EXERCISE MATERIAL below:

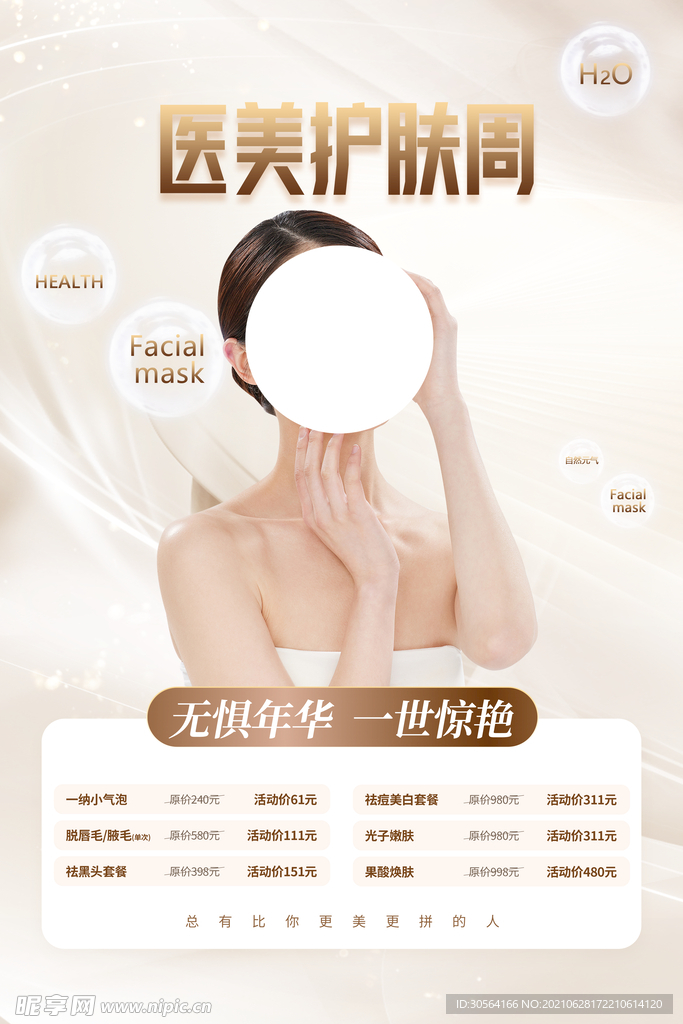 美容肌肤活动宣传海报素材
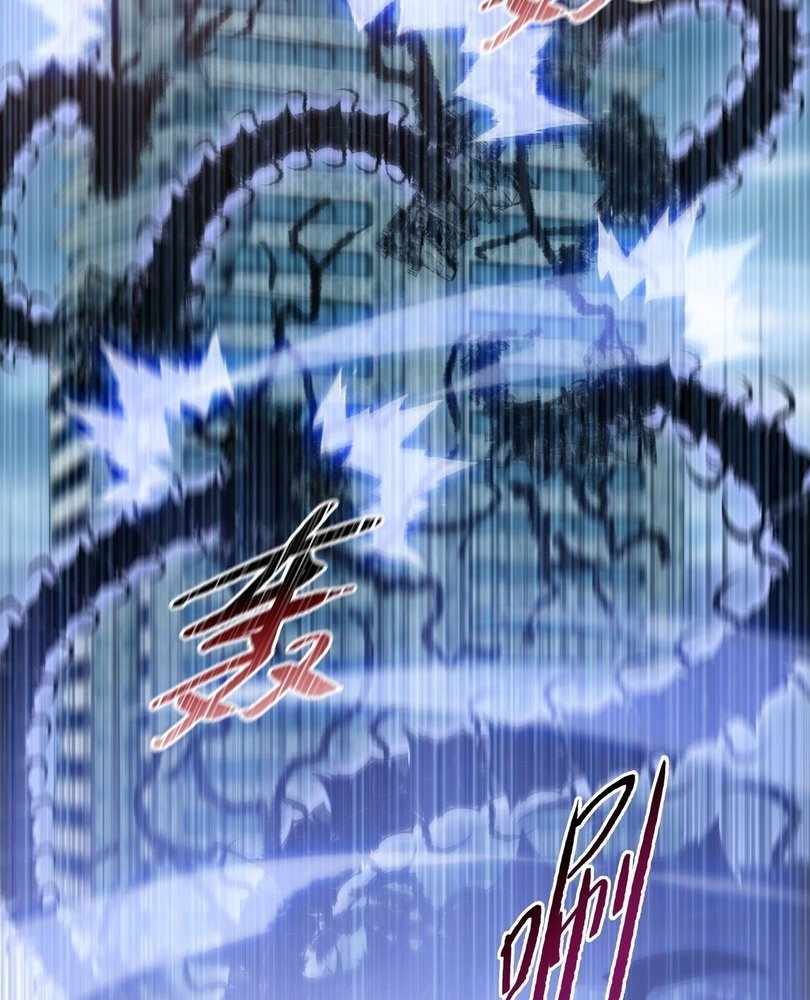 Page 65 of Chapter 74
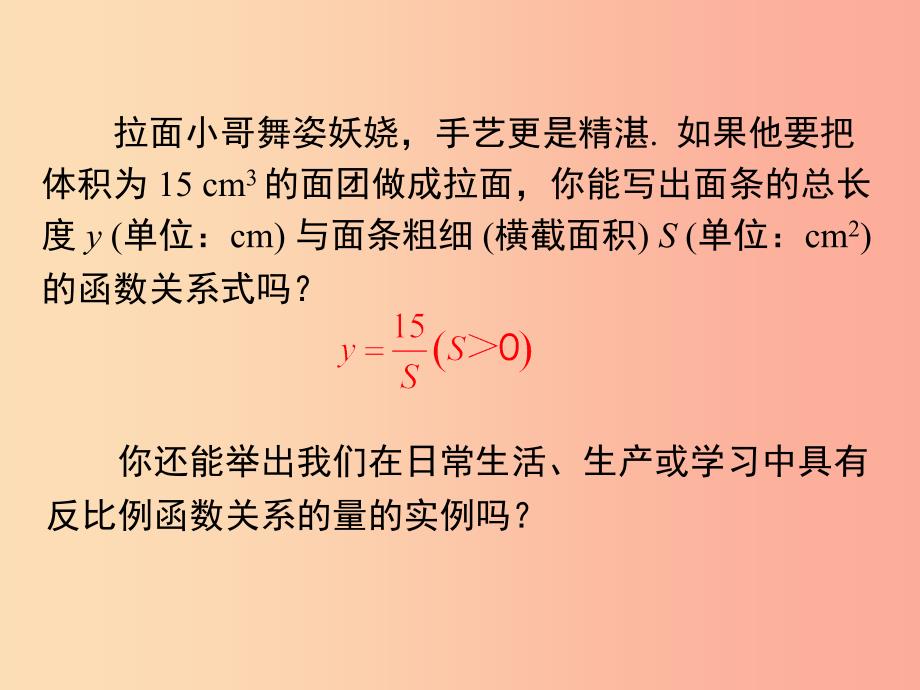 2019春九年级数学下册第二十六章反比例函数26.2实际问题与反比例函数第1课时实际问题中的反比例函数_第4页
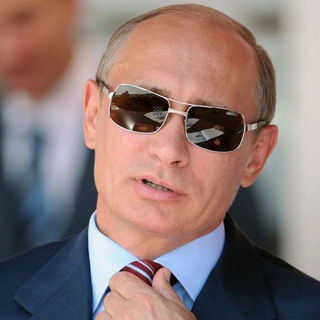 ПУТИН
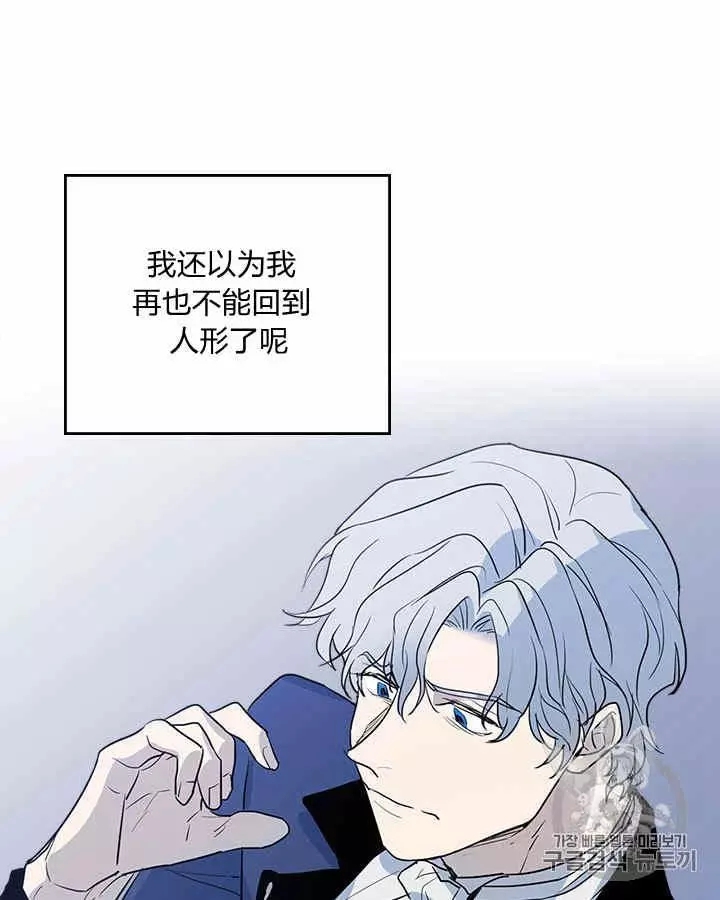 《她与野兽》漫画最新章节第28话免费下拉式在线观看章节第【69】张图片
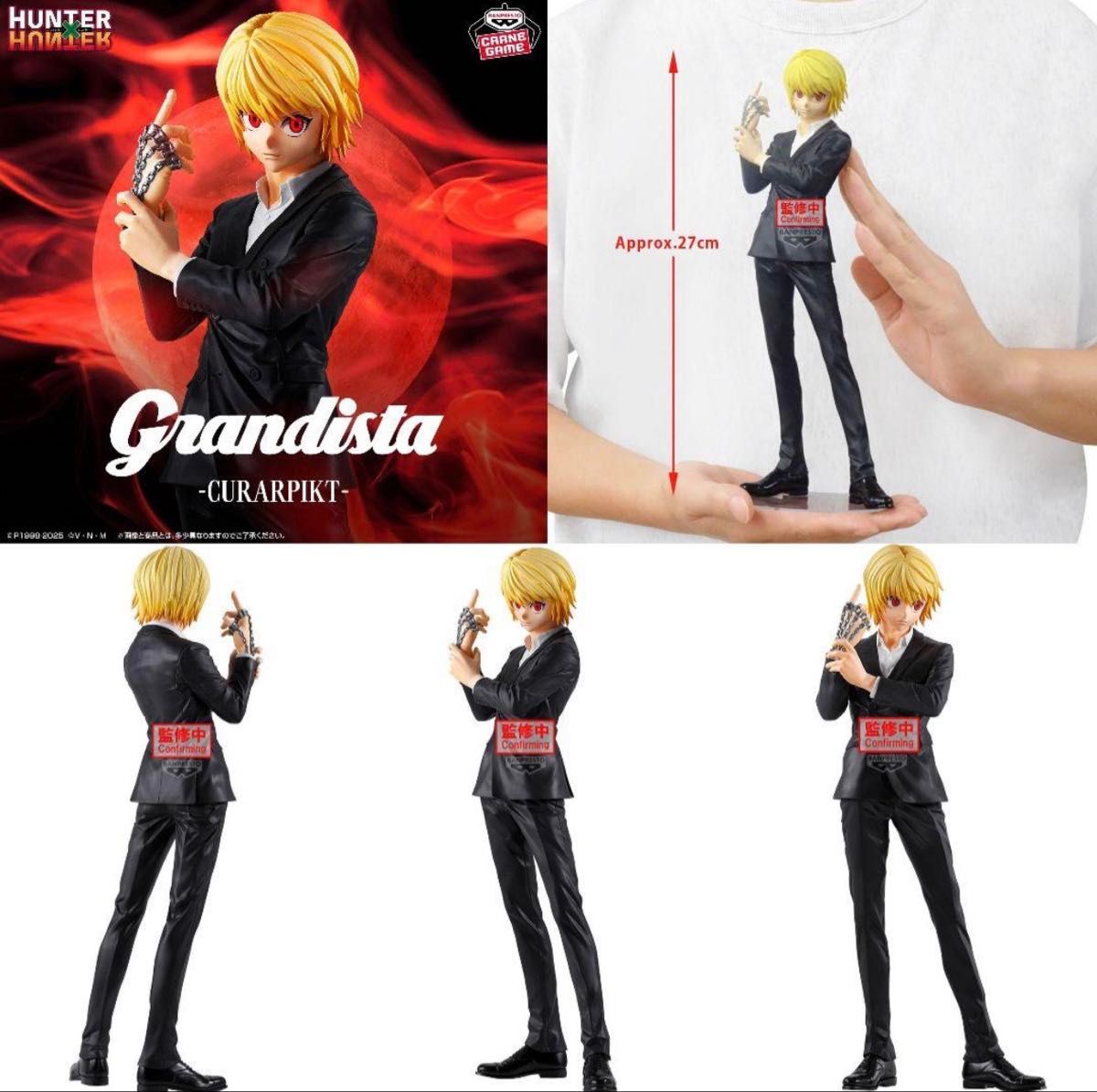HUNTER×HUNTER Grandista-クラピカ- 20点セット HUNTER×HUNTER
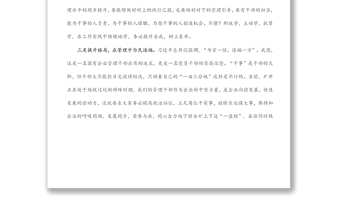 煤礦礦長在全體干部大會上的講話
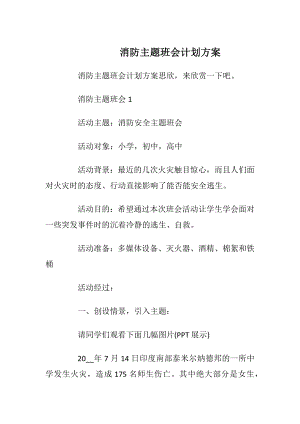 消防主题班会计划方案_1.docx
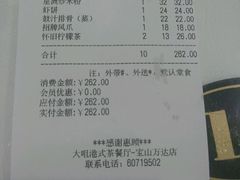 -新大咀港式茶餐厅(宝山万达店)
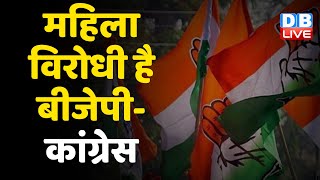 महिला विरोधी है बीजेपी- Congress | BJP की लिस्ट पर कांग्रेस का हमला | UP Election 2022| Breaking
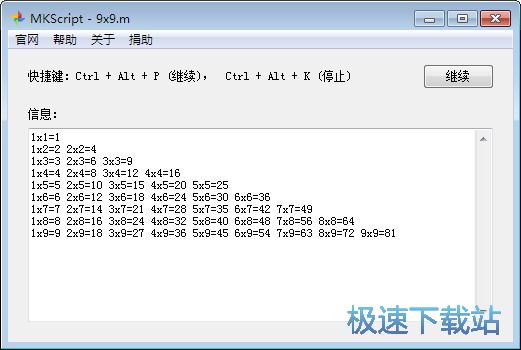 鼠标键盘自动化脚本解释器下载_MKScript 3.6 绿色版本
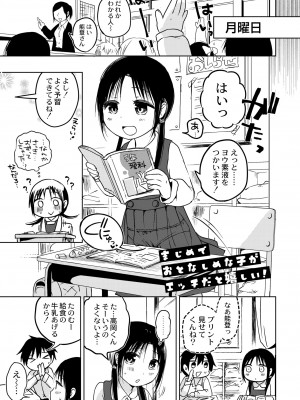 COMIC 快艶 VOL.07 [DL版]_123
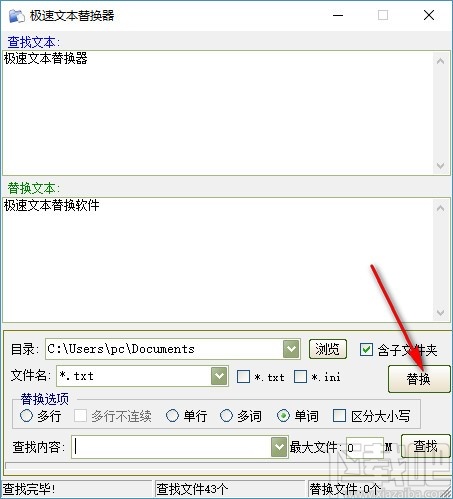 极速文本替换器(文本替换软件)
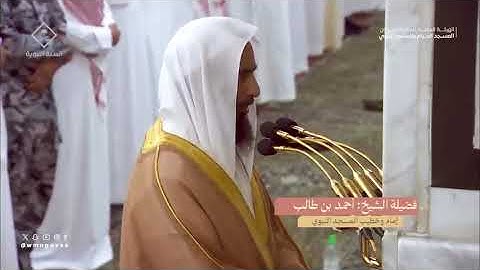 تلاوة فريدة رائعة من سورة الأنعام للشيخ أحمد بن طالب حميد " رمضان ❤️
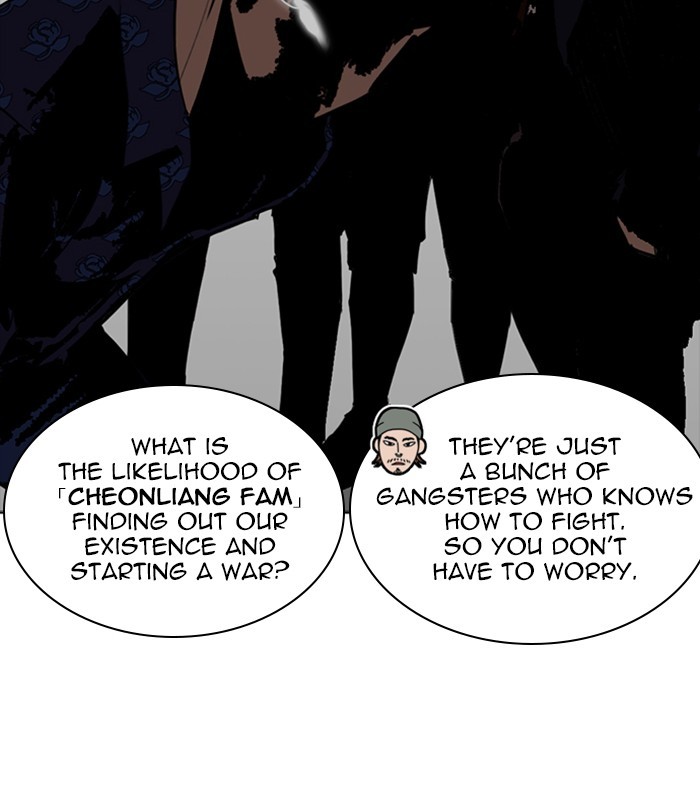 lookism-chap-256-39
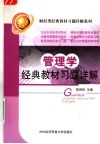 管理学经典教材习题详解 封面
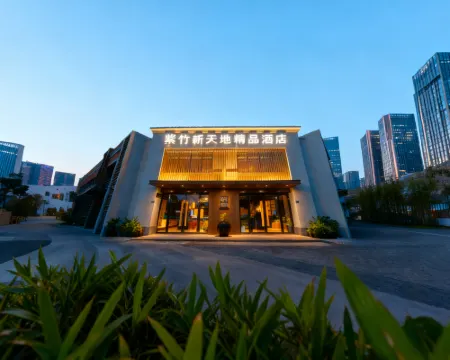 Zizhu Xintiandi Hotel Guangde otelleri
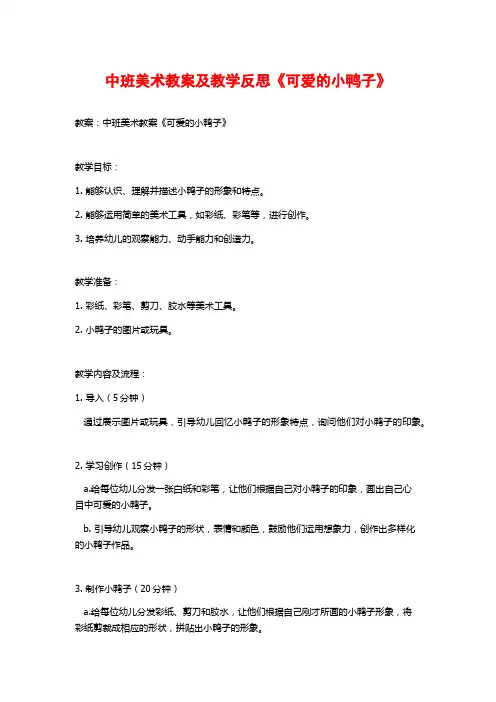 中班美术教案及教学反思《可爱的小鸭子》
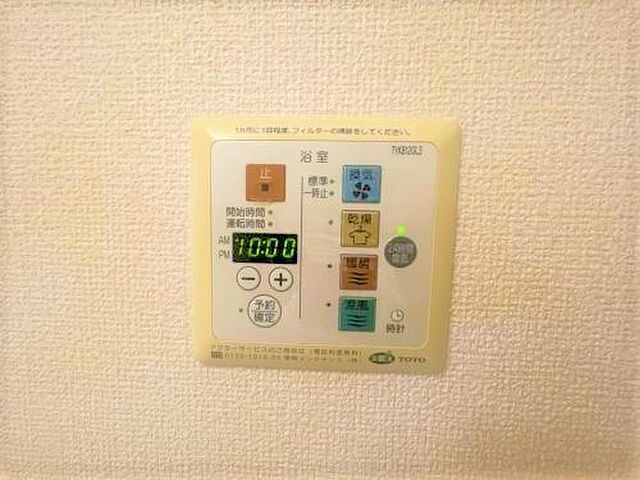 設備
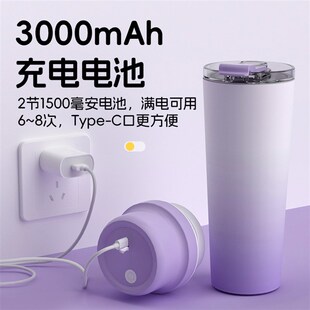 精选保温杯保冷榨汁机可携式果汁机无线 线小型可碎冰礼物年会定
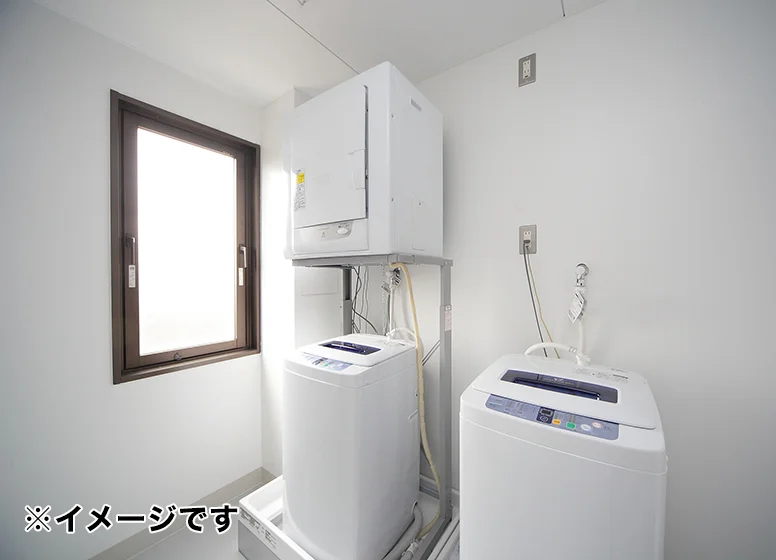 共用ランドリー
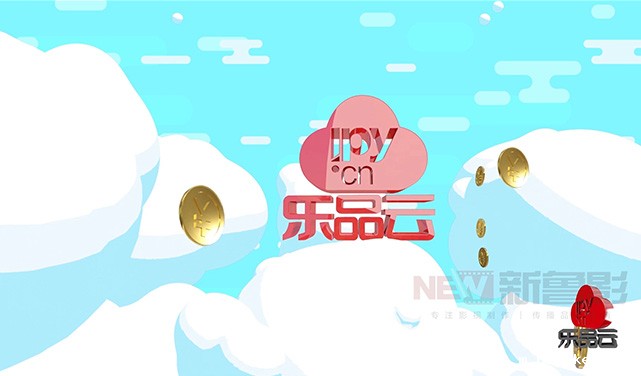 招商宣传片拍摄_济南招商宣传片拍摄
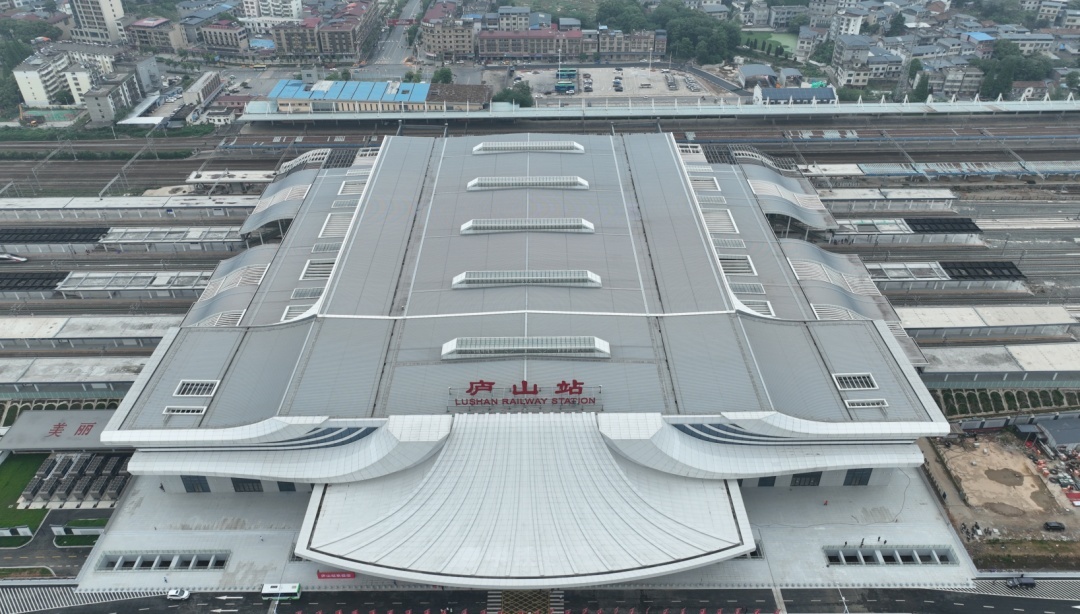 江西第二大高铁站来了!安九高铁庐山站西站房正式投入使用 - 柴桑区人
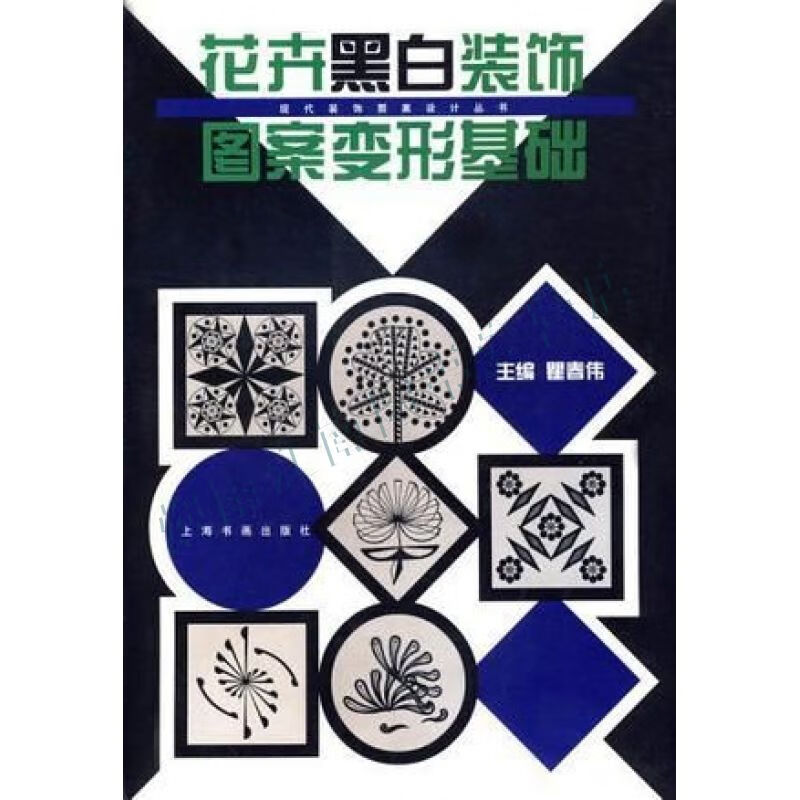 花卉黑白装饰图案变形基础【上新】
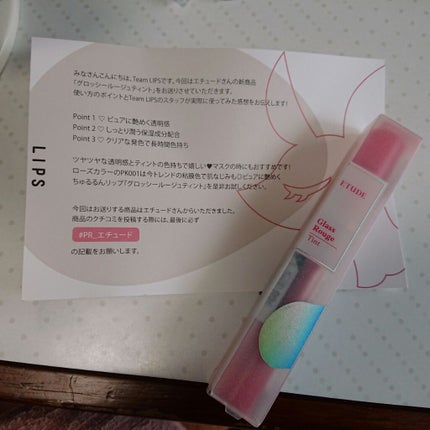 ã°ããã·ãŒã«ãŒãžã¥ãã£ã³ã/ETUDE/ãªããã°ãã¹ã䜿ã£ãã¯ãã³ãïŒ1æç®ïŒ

End of EXERCISE MATERIAL.

**WHAT YOU HAVE TO DO:** Emit the lines of the data above from the one containing "招商宣传片拍摄_济南招商宣传片拍摄" through its final line, both endpoints included. Pictures do not belong in the output.

**WRITTEN RESPONSE:**
 招商宣传片拍摄_济南招商宣传片拍摄
 江西第二大高铁站来了!安九高铁庐山站西站房正式投入使用 - 柴桑区人
 花卉黑白装饰图案变形基础【上新】
 ã°ããã·ãŒã«ãŒãžã¥ãã£ã³ã/ETUDE/ãªããã°ãã¹ã䜿ã£ãã¯ãã³ãïŒ1æç®ïŒ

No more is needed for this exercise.